Pop starlet's case puts Egypt in spotlight

DUBAI — The murder of a Lebanese pop starlet in July has gripped Arabs across the region as two suspects are put on trial and journalists are banned from covering the proceedings.

The trial opened in Cairo in October, after a billionaire Egyptian politician was charged with premeditating Suzanne Tamim’s murder in her Dubai apartment.

Egyptians were shocked with their government’s decision to charge a member of its ranks, Hisham Talaat Moustafa — a property tycoon and parliament member for Egypt’s ruling party.

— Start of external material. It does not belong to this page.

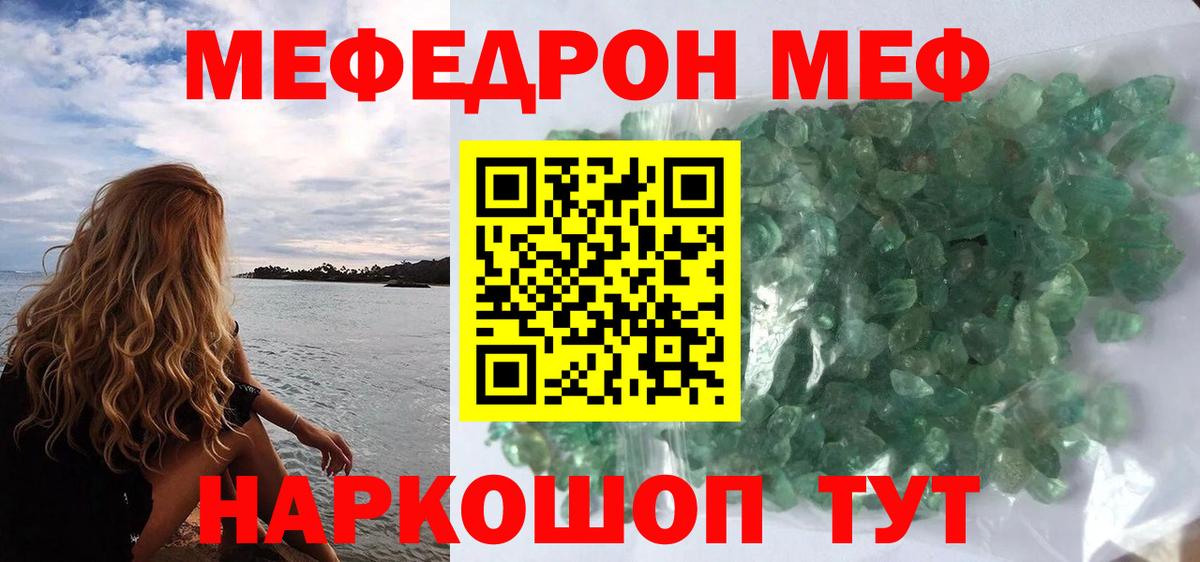 Меф кристаллы Сызрань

Moustafa chairs the Economic Committee of the Shura Council, Egypt’s upper legislative house, but has been stripped of his parliamentary immunity to stand trial. The trial has been eyed throughout the Middle East as a test of the rule of law, and again has put Egypt in the spotlight for its unabashed restrictions on journalists and press freedom.

The Egyptian government has twice imposed a media blackout on the Tamim case, the last of which bans reporters from publishing any trial-related material except procedural decisions and the verdict.

It marks the fourth state-imposed press ban in Egypt in less than three months. Five journalists were interrogated and taken to trial last week for publishing a witness testimony, which the journalists say is a procedural matter and was also published by state newspapers. Two of them are editors-in-chief. At a Saturday hearing, their trial was adjourned until January as journalists gathered outside the courthouse to protest. Arab press freedom organizations have condemned the Egyptian state’s efforts to stifle reporting on the Tamim case, while the trial’s residing judge has said the media was unduly influencing public opinion.

The media ban may be the only way left for the state to protect Moustafa, who was chairman of Egypt’s largest publicly traded company, the Talaat Moustafa Group (TMG).

Moustafa appeared twice on Egyptian state television in August calling for an end to the spread of “false information.” A month later, he was charged with paying a former police officer $2 million to kill Tamim.

Both men deny the charges, and Moustafa’s brother has taken over TMG’s lead post. Company shares dropped to an all-time low in September, according to local reports. Moustafa and Tamim are said to have been in a relationship that turned turbulent, driving the singer to seek refuge in Dubai.

“These lies will not be able to move the great pyramids I have constructed in the Egyptian economy,” Moustafa told an Egyptian newspaper in September.